About this exercise —
Repeat the data word for word. Do not include the pictures.

Dataset content —
□ □ □
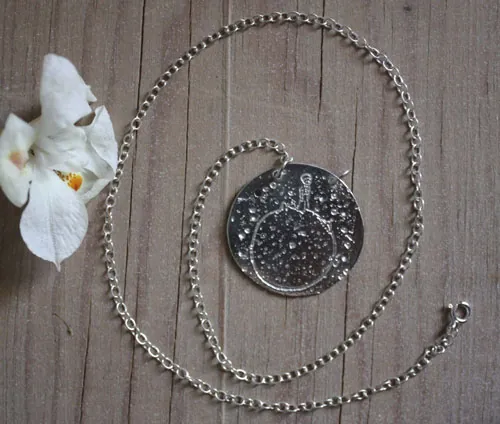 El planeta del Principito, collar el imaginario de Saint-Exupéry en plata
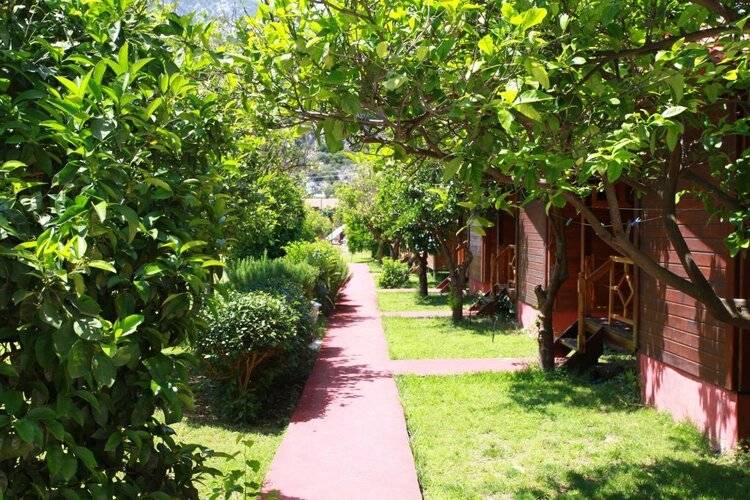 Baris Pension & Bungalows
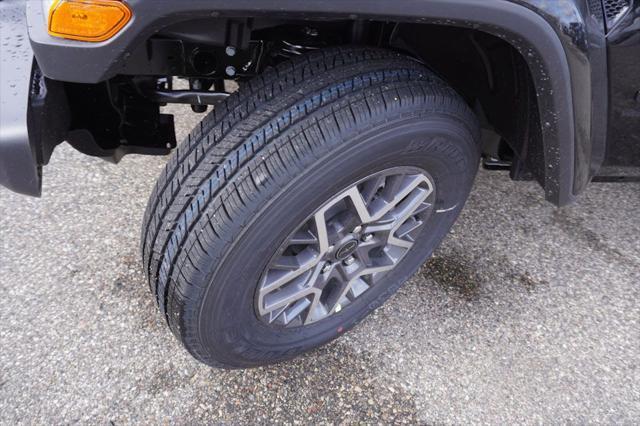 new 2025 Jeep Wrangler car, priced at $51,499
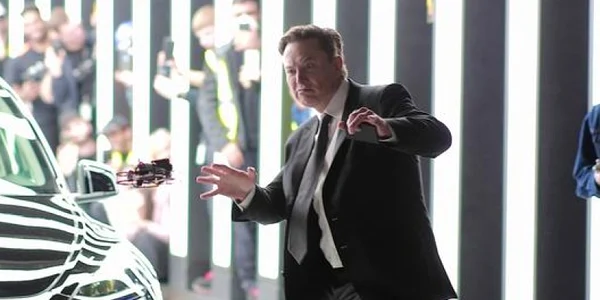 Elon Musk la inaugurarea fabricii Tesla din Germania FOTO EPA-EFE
□ □ □
Exercise response —
 El planeta del Principito, collar el imaginario de Saint-Exupéry en plata
 Baris Pension & Bungalows
 new 2025 Jeep Wrangler car, priced at $51,499
 Elon Musk la inaugurarea fabricii Tesla din Germania FOTO EPA-EFE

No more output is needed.